Abstract

Air particulate matter (PM) is an essential risk factor for lipid metabolism disorders. However, the underlying mechanism remains unclear. In this cross-sectional study, 216 healthcare workers were recruited to estimate the associations among the daily exposure dose (DED) of air PM, innate immune cells, and plasma lipid levels. All participants were divided into two groups according to the air particulate combined DED (DED-PMC).
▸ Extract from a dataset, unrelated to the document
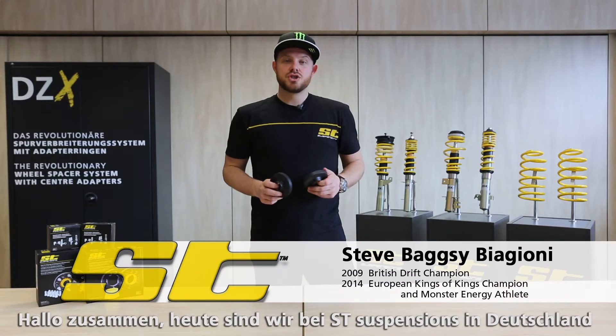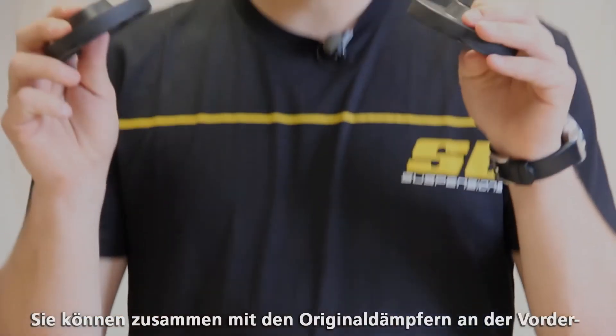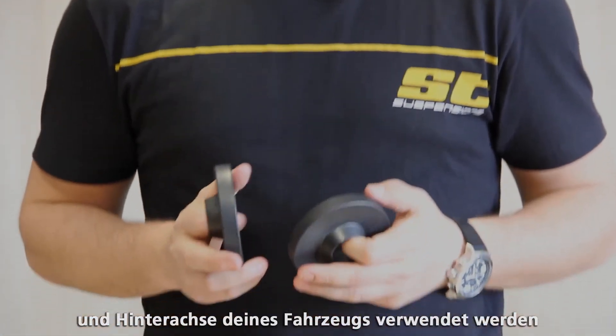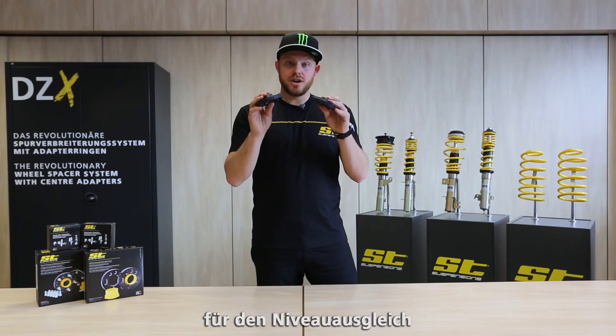Hey guys, we're at ST Suspension in Germany checking out the ST lift kit. This will work with your standard dampers on the front and rear of your car, and will give you a slight lift, so if you're carrying a heavy load it will keep the car looking square.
The peripheral white blood cell counts, lymphocyte counts, and monocyte counts and percentages were higher in the higher-exposure group (HEG) than in the lower-exposure group (LEG), whereas the percentage of natural-killer cells was lower in the HEG than in the LEG. The plasma concentrations of the total cholesterol, triglycerides, LDL-C, and apolipoprotein B were higher in the HEG than in the LEG, whereas the HDL-C and apolipoprotein A1 were lower in the HEG than in the LEG. A dose-effect analysis indicated that when the DED of the air PM increased, there were increased peripheral monocyte counts and percentages, a decreased NK cell percentage, elevated plasma concentrations of total cholesterol, triglycerides, LDL-C, and apolipoprotein B, and reduced plasma levels of HDL-C and apolipoprotein A1. In addition, the modification of the innate immune cells was accompanied by alterations in the plasma lipid levels in a dose-dependent manner. Mediation effect analysis suggested innate immune cells were the potential mediators for the associations among air PM exposure on abnormal lipid metabolism. These results indicated that chronic exposure to air PM may disturb lipid metabolism by altering the distribution of innate immune cells in the peripheral blood, ultimately advancing cardiovascular disease risk.